* TRY IT *
Leaving out pictures, output exactly the lines below from the one that has "Luci Led Soffitto" through the one that has "St. James® Certificate", and nothing else.
***** TASK DATA
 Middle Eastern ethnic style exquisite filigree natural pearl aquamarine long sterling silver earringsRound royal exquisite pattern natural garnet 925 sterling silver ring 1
**********
***** TASK DATA
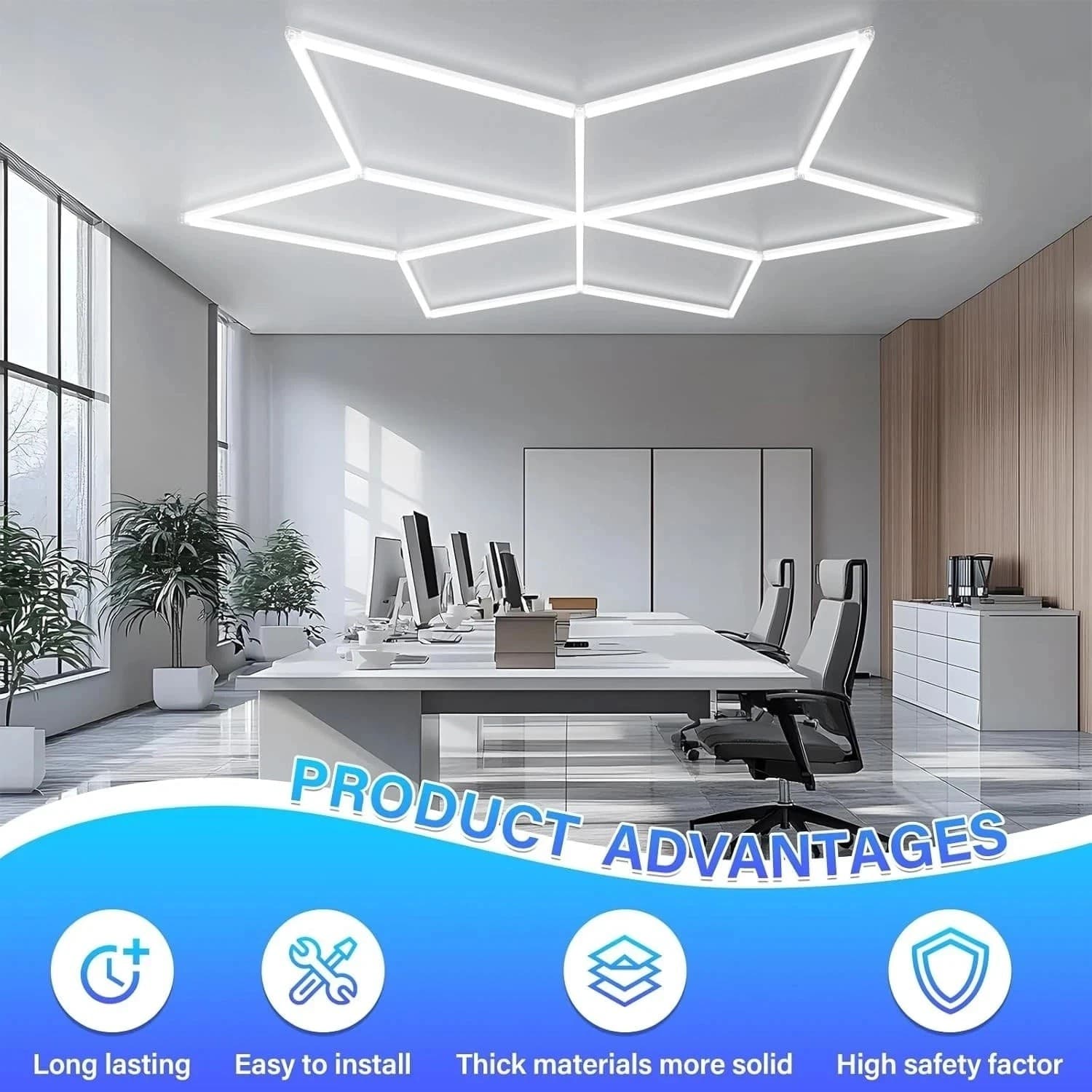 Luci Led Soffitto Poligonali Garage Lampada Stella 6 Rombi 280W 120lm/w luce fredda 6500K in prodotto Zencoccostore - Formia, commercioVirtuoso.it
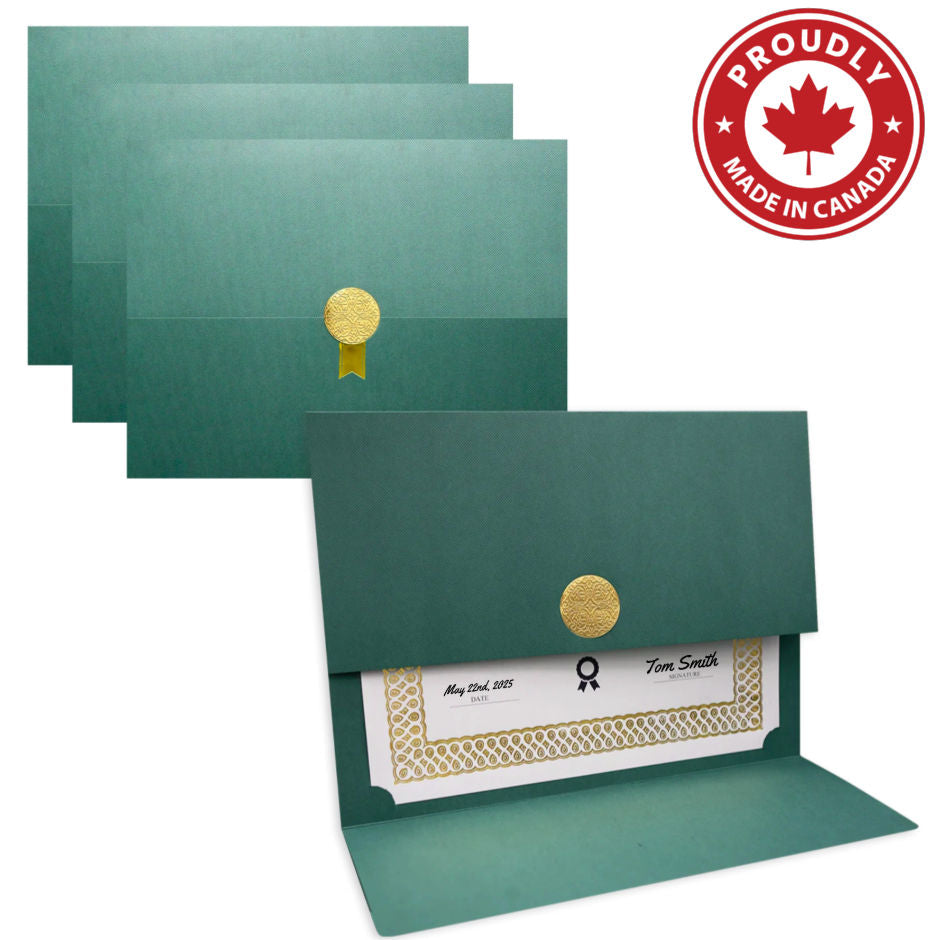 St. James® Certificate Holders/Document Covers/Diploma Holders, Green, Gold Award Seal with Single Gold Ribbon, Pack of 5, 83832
**********
* RESULT FOR THIS TASK *
 Luci Led Soffitto Poligonali Garage Lampada Stella 6 Rombi 280W 120lm/w luce fredda 6500K in prodotto Zencoccostore - Formia, commercioVirtuoso.it
 St. James® Certificate Holders/Document Covers/Diploma Holders, Green, Gold Award Seal with Single Gold Ribbon, Pack of 5, 83832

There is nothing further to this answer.